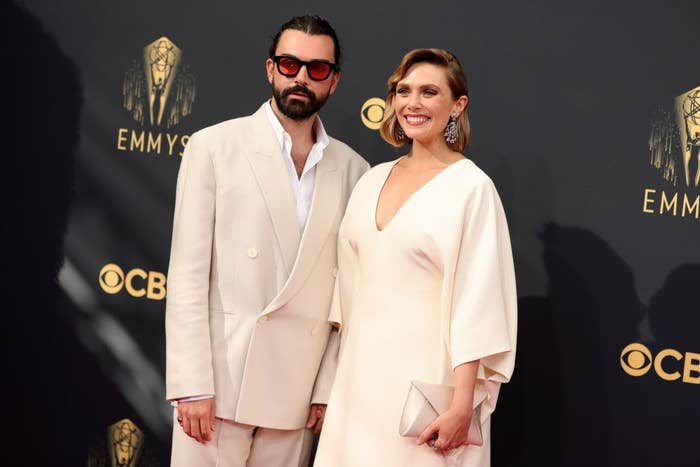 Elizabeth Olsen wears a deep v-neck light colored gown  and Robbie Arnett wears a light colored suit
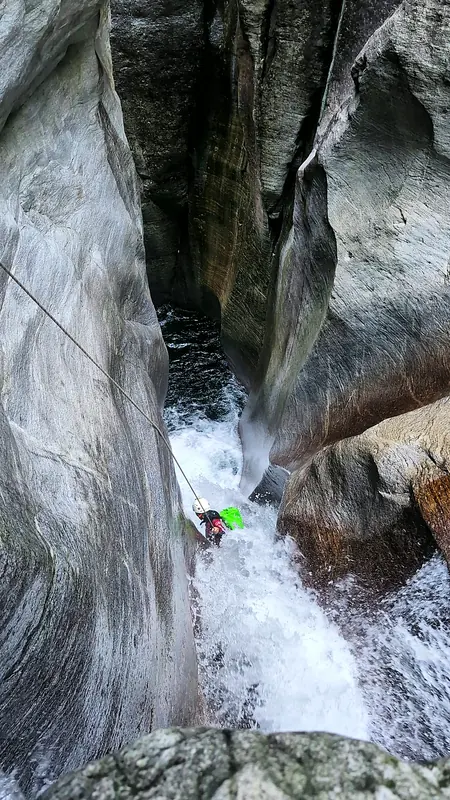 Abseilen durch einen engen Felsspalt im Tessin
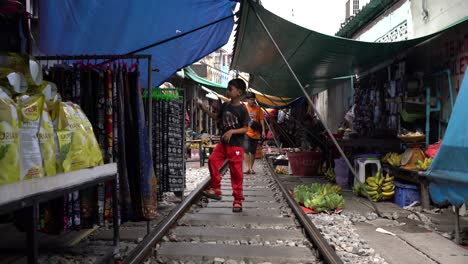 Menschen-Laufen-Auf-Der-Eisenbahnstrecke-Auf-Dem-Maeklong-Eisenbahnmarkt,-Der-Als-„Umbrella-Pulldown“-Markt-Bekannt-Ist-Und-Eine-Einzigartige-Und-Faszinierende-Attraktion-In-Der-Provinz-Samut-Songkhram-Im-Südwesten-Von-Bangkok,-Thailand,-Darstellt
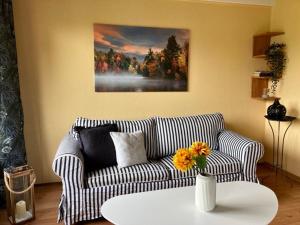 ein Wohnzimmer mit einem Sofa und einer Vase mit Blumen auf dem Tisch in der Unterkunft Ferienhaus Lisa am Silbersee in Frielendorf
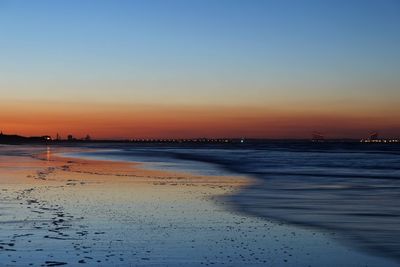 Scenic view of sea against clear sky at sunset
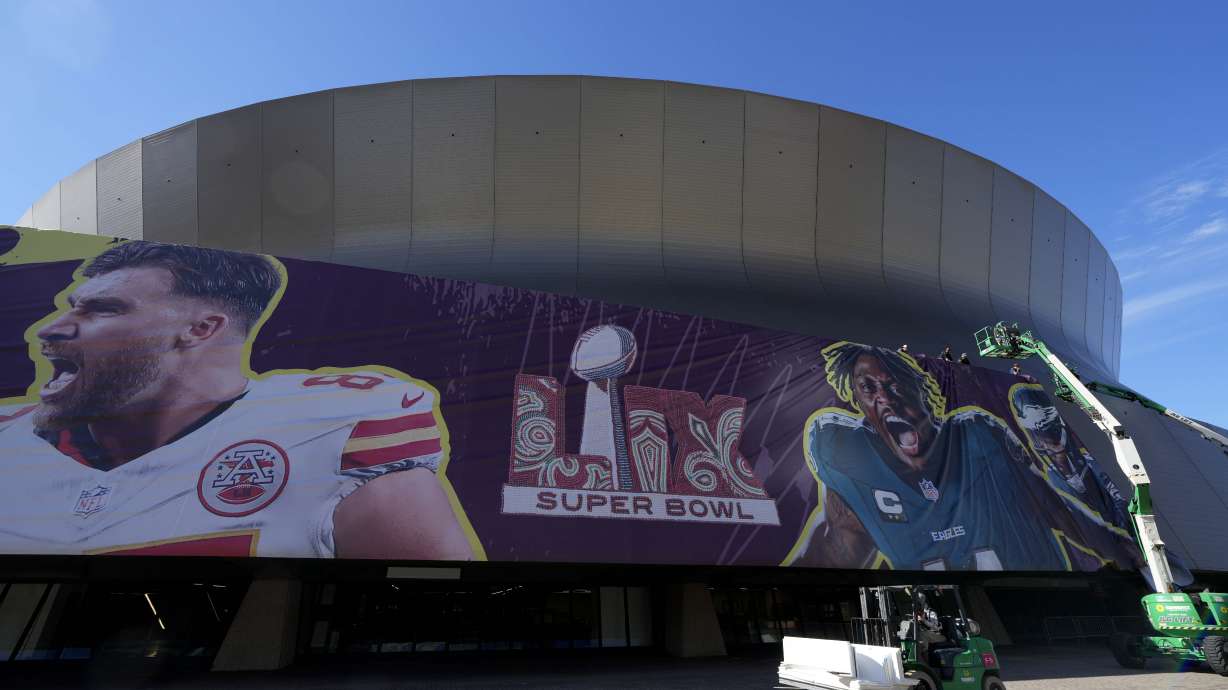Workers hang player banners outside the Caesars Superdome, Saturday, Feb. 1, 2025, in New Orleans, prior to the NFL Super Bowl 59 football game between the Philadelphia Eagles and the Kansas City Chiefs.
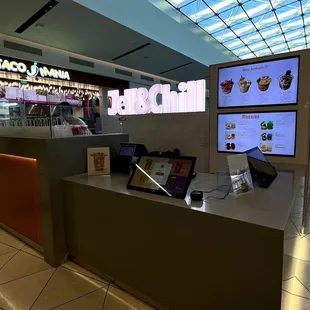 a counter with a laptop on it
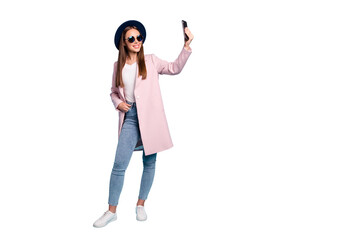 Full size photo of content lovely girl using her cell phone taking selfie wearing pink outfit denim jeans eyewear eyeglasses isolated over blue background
********************
About this exercise |
If a record holds a picture, leave the picture out, but copy everything else exactly.

Answer to this task |
 Elizabeth Olsen wears a deep v-neck light colored gown  and Robbie Arnett wears a light colored suit
 Abseilen durch einen engen Felsspalt im Tessin
 Menschen-Laufen-Auf-Der-Eisenbahnstrecke-Auf-Dem-Maeklong-Eisenbahnmarkt,-Der-Als-„Umbrella-Pulldown“-Markt-Bekannt-Ist-Und-Eine-Einzigartige-Und-Faszinierende-Attraktion-In-Der-Provinz-Samut-Songkhram-Im-Südwesten-Von-Bangkok,-Thailand,-Darstellt
 ein Wohnzimmer mit einem Sofa und einer Vase mit Blumen auf dem Tisch in der Unterkunft Ferienhaus Lisa am Silbersee in Frielendorf
 Scenic view of sea against clear sky at sunset
Workers hang player banners outside the Caesars Superdome, Saturday, Feb. 1, 2025, in New Orleans, prior to the NFL Super Bowl 59 football game between the Philadelphia Eagles and the Kansas City Chiefs.
 a counter with a laptop on it
 Full size photo of content lovely girl using her cell phone taking selfie wearing pink outfit denim jeans eyewear eyeglasses isolated over blue background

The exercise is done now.